- **Task data**
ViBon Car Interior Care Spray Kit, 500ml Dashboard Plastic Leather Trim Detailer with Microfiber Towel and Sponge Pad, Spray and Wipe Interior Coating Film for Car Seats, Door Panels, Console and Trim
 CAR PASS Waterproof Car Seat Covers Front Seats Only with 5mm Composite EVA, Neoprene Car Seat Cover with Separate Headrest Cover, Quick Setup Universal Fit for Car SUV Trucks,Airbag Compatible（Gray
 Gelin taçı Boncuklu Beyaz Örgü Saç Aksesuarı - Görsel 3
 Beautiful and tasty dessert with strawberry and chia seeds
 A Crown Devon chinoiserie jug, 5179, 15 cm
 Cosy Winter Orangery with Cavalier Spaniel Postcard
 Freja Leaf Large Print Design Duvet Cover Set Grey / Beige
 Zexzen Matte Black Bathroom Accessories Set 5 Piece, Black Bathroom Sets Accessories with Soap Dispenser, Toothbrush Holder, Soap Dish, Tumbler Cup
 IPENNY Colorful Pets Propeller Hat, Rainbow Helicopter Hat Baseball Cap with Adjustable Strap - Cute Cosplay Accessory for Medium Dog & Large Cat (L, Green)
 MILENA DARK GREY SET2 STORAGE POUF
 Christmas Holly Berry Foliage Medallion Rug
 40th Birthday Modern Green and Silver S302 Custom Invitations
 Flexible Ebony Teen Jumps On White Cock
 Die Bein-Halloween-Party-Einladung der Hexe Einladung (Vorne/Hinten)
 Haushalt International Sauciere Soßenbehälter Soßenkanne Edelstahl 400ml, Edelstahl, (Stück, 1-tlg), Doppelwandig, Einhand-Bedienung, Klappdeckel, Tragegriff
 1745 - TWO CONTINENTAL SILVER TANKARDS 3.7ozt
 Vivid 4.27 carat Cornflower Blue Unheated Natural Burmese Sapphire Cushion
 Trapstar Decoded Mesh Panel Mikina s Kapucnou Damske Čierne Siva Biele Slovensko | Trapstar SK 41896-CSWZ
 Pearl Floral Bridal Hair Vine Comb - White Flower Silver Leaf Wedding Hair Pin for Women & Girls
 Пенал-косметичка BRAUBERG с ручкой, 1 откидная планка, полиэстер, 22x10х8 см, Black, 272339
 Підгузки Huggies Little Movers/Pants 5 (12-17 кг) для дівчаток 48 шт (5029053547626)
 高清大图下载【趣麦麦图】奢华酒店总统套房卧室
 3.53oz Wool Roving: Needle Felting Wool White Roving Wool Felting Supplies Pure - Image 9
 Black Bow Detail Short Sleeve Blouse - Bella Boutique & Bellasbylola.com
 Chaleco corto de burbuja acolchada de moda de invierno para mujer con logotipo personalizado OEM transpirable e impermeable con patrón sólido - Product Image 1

- **To do**
Reproduce exactly the entries above, limited to the lines from the one with "Gelin taçı Boncuklu" through the one with "Black Bow Detail", both included.

- **Reply**
 Gelin taçı Boncuklu Beyaz Örgü Saç Aksesuarı - Görsel 3
 Beautiful and tasty dessert with strawberry and chia seeds
 A Crown Devon chinoiserie jug, 5179, 15 cm
 Cosy Winter Orangery with Cavalier Spaniel Postcard
 Freja Leaf Large Print Design Duvet Cover Set Grey / Beige
 Zexzen Matte Black Bathroom Accessories Set 5 Piece, Black Bathroom Sets Accessories with Soap Dispenser, Toothbrush Holder, Soap Dish, Tumbler Cup
 IPENNY Colorful Pets Propeller Hat, Rainbow Helicopter Hat Baseball Cap with Adjustable Strap - Cute Cosplay Accessory for Medium Dog & Large Cat (L, Green)
 MILENA DARK GREY SET2 STORAGE POUF
 Christmas Holly Berry Foliage Medallion Rug
 40th Birthday Modern Green and Silver S302 Custom Invitations
 Flexible Ebony Teen Jumps On White Cock
 Die Bein-Halloween-Party-Einladung der Hexe Einladung (Vorne/Hinten)
 Haushalt International Sauciere Soßenbehälter Soßenkanne Edelstahl 400ml, Edelstahl, (Stück, 1-tlg), Doppelwandig, Einhand-Bedienung, Klappdeckel, Tragegriff
 1745 - TWO CONTINENTAL SILVER TANKARDS 3.7ozt
 Vivid 4.27 carat Cornflower Blue Unheated Natural Burmese Sapphire Cushion
 Trapstar Decoded Mesh Panel Mikina s Kapucnou Damske Čierne Siva Biele Slovensko | Trapstar SK 41896-CSWZ
 Pearl Floral Bridal Hair Vine Comb - White Flower Silver Leaf Wedding Hair Pin for Women & Girls
 Пенал-косметичка BRAUBERG с ручкой, 1 откидная планка, полиэстер, 22x10х8 см, Black, 272339
 Підгузки Huggies Little Movers/Pants 5 (12-17 кг) для дівчаток 48 шт (5029053547626)
 高清大图下载【趣麦麦图】奢华酒店总统套房卧室
 3.53oz Wool Roving: Needle Felting Wool White Roving Wool Felting Supplies Pure - Image 9
 Black Bow Detail Short Sleeve Blouse - Bella Boutique & Bellasbylola.com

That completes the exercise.